Sophisticated long-term investors in gold and other precious metals fully comprehend this aspect of the marketplace. While many governments (and especially the United States) have attempted to control gold prices, they have been successful only over the short-term.

There are many dynamics at play today that are working to increase the demand for gold, while the supplies are increasingly limited by the costs of production. Those investing in gold bullion and buying gold coins are likely waiting for these market pressures to produce the expected results, knowing that the finite supply of gold and the intrinsic value of the metal secure a long-term investment.

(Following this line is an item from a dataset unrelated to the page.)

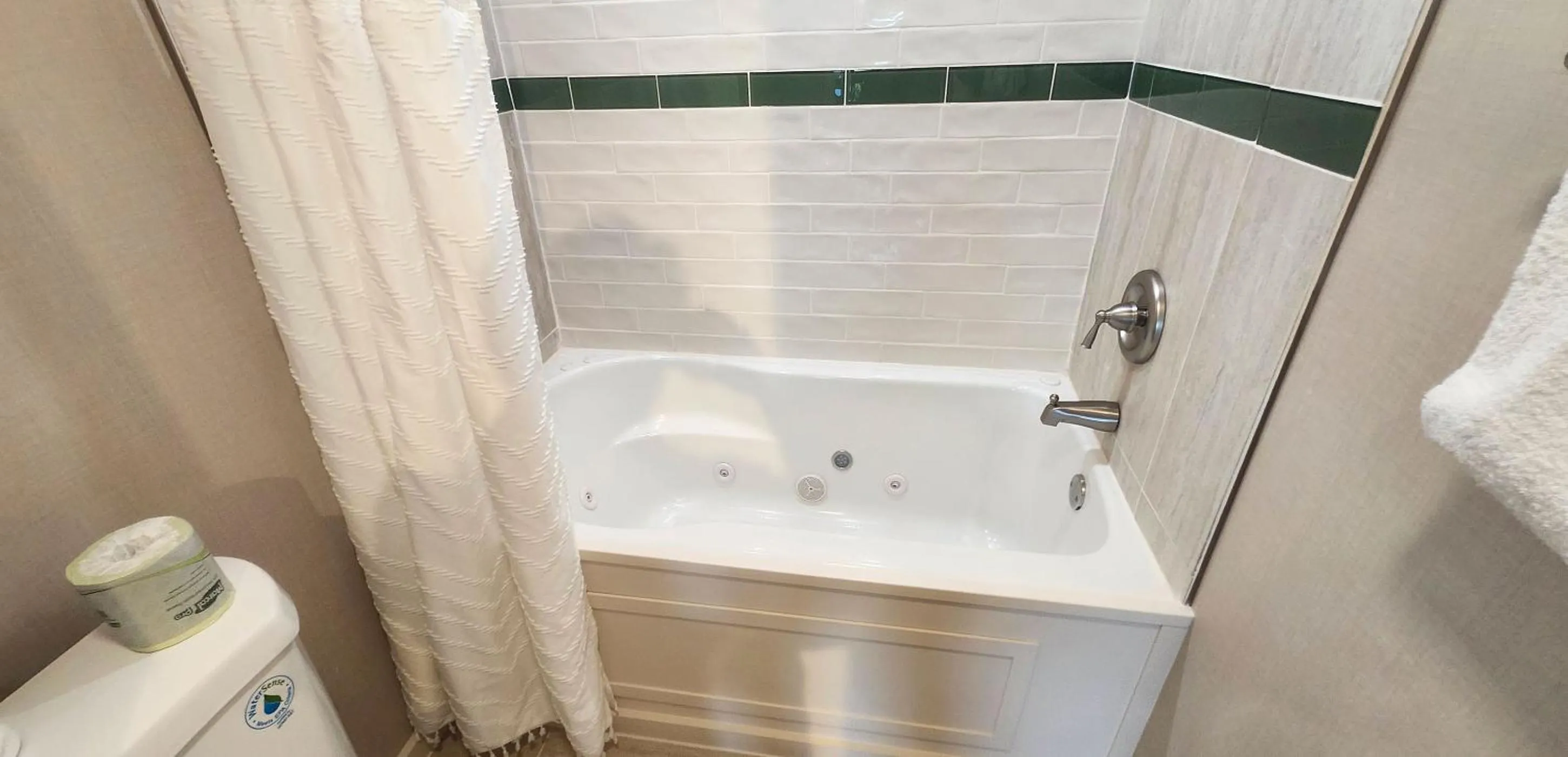 Bathroom in Arbors at Island Landing Hotel & Suites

Gold Demand Increases with Good and Bad News

The truly interesting thing about gold and other precious metals is that they are in greater demand when there are world economic concerns, as well as when certain markets are booming. Consider these facts for tough economic outlooks:

  • Gold has proven to one of the best assets providing historical protection for purchasing power 1
  • Gold is universally accepted as a preferred alternative to distressed paper currencies
  • Gold is one of the world’s most fungible assets
  • Central banks buy gold to shore up their currencies and stabilize economies

Conversely, when markets are growing and expanding, gold and silver demand may increase to meet industrial demand, among other reasons. 2

Supply Continues to Encounter Restraints

The reality of today’s market for gold buyers and precious metal traders is that the growing demands (for both positive and negative market reasons) is greatly exceeding the availability of gold.

Inexperienced potential gold buyers should be greatly encouraged when they grasp just how small the supply of gold really is today. In fact, all the gold ever mined would fit into the space of just one and one-half Olympic swimming pools. The annual production of gold, valued between $100 and $200 billion, does not equal the growing demand from industrial sources and central banks alone. 3

In addition to this market reality, consider:

  • Only a very small fraction of what is called “above-ground gold” is available for investment.
  • The costs of production of “below-ground gold” now are generally considered to be around $1,000 to $1,200 per ounce on an all-in-sustaining basis. 4 That provides a floor for the cost of any effort to increase the supply of gold, demanding capital investments in the billions.

When you see long-term gold investors and buyers brush off minor fluctuations in market prices, it is probably that the realities of supply and demand are at the heart of their confidence.